--- Directions ---
Repeat the data word for word. Do not include the pictures.
----- Extracted material
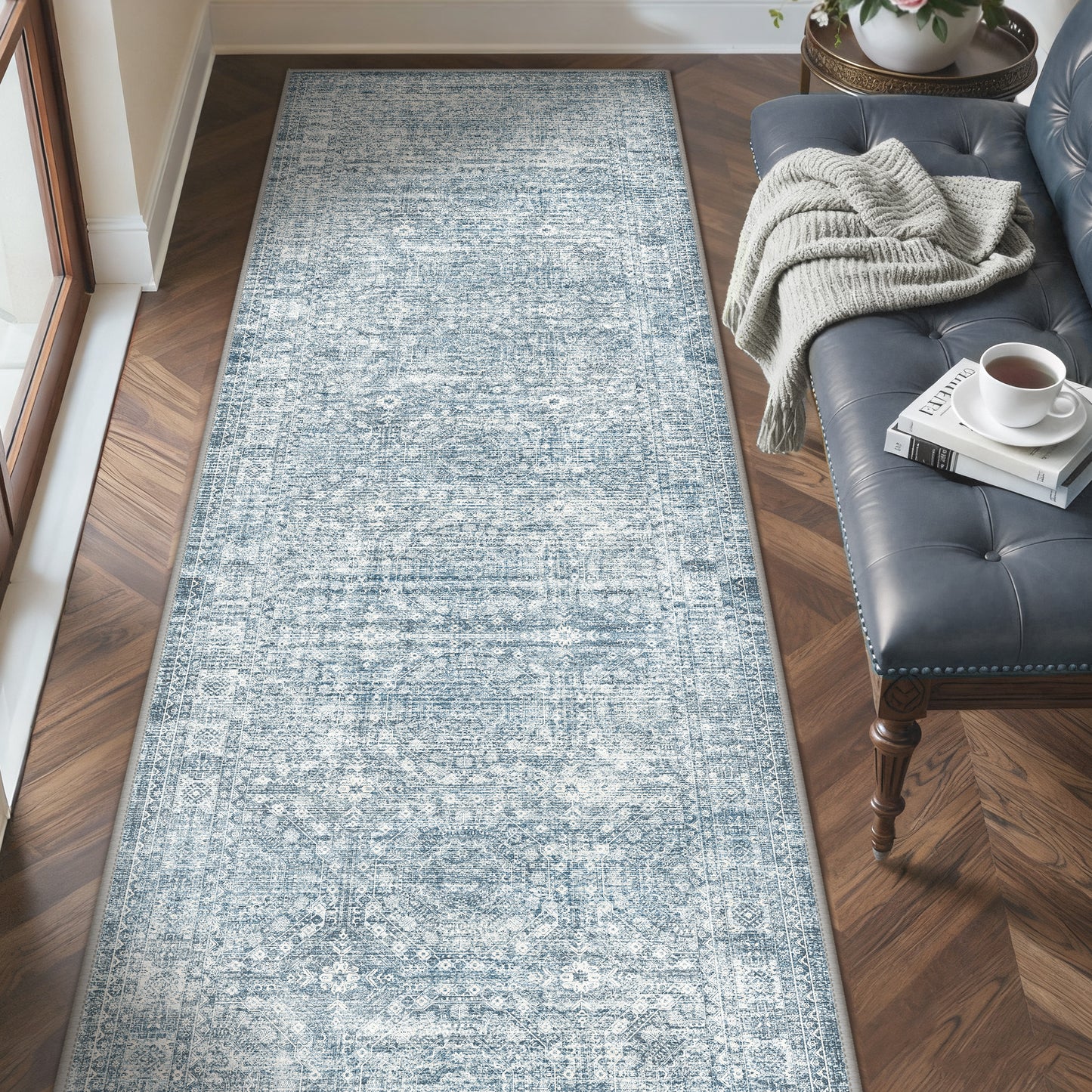 KUETH  Area Rugs Machine Washable Rugs for Living Room, Non Slip Throw Rug with Rubber Backing, Rug for Entryway、Bedroom、Kitchen、Floor and Dining Room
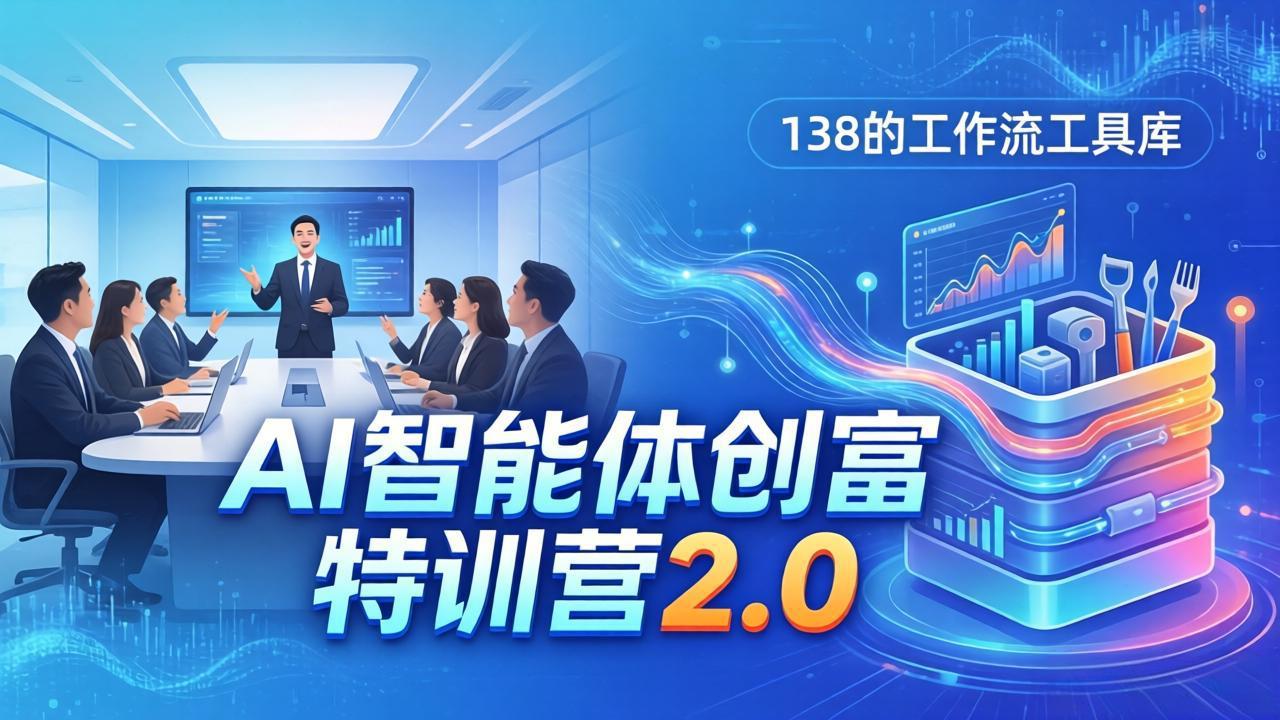 AI智能体创富训练营2.0：3天闭门直播+视频课+工具库，从0到1搭建智能体附138个工作流-聚合项目网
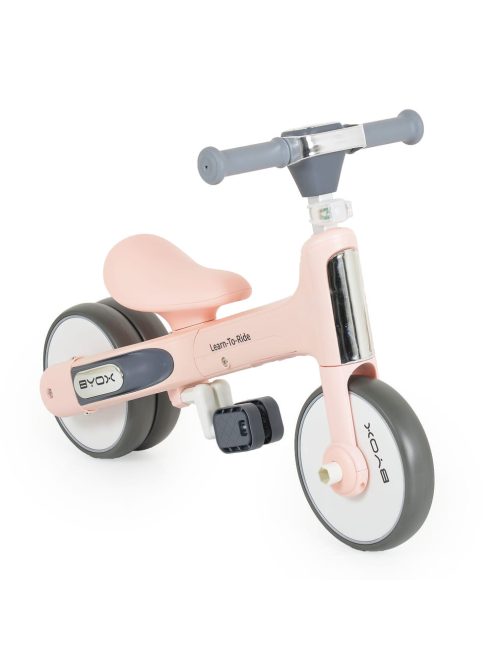 LEARN-to-Ride mini futóbicikli 3 kerekű tricikli, összecsukható PINK/rózsa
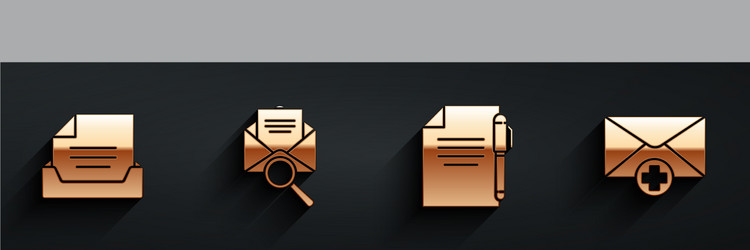set drawer with document envelope magnifying vector image
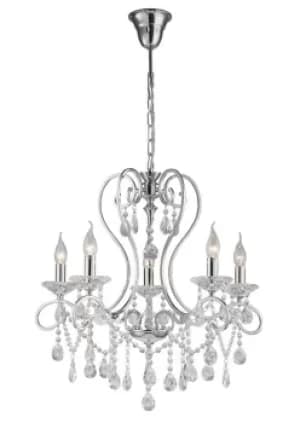 Vela Ceiling Pendant Chandelier 5 Light Polished Chrome, Crystal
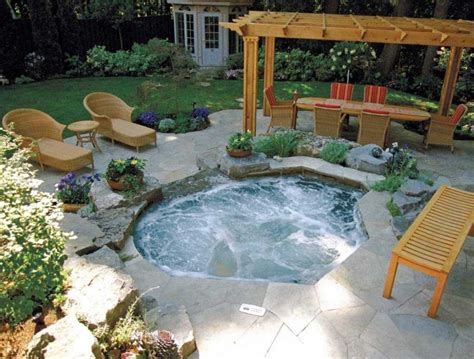 In Ground Hot Tub Cost With Stone Floor Home Ideas Hot Tub Backyard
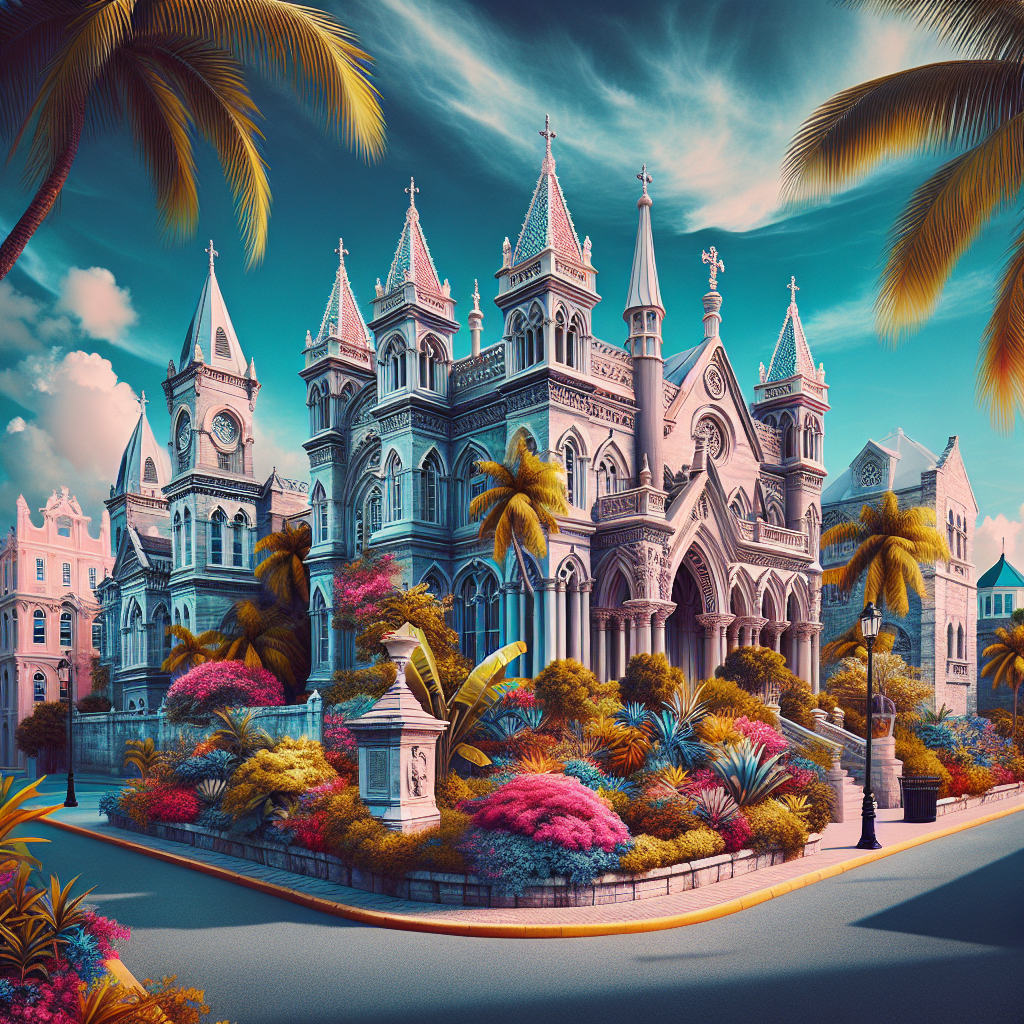 Realistic representation of historical sites in Nassau with architectural and cultural details.
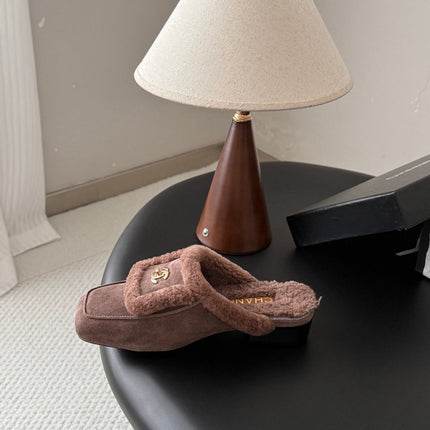 CHANEL 26S MULES IN TAUPE SHEARLING AND SUEDE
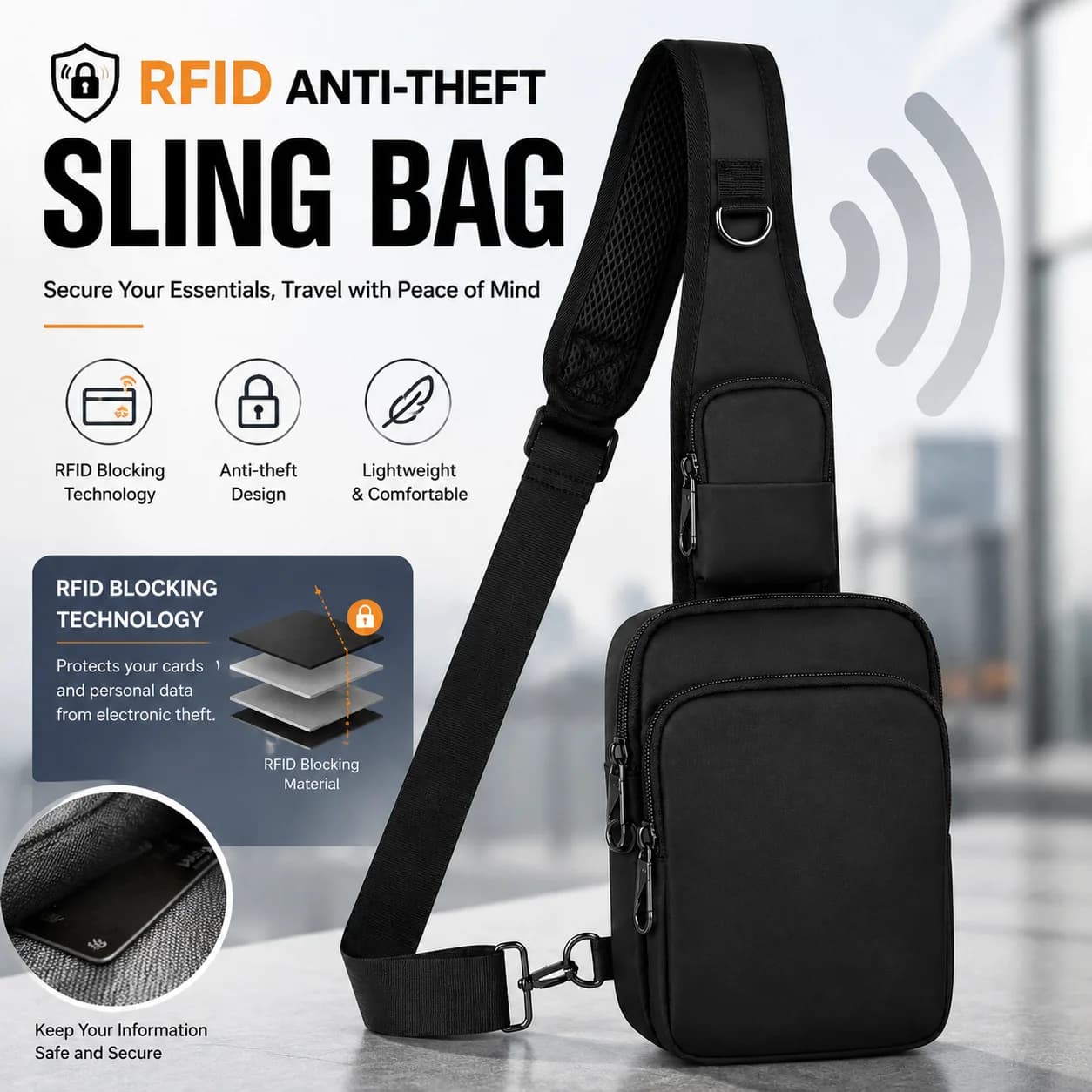 Fashionable Casual RFID Anti-Theft Sling Bag for Men's, Street Sports Chest Bag Simple Lightweight Shoulder Bag for Commuting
----------
--- Exercise solution ---
 KUETH  Area Rugs Machine Washable Rugs for Living Room, Non Slip Throw Rug with Rubber Backing, Rug for Entryway、Bedroom、Kitchen、Floor and Dining Room
 AI智能体创富训练营2.0：3天闭门直播+视频课+工具库，从0到1搭建智能体附138个工作流-聚合项目网
 LEARN-to-Ride mini futóbicikli 3 kerekű tricikli, összecsukható PINK/rózsa
set drawer with document envelope magnifying vector image
 Vela Ceiling Pendant Chandelier 5 Light Polished Chrome, Crystal
 In Ground Hot Tub Cost With Stone Floor Home Ideas Hot Tub Backyard
 Realistic representation of historical sites in Nassau with architectural and cultural details.
 CHANEL 26S MULES IN TAUPE SHEARLING AND SUEDE
 Fashionable Casual RFID Anti-Theft Sling Bag for Men's, Street Sports Chest Bag Simple Lightweight Shoulder Bag for Commuting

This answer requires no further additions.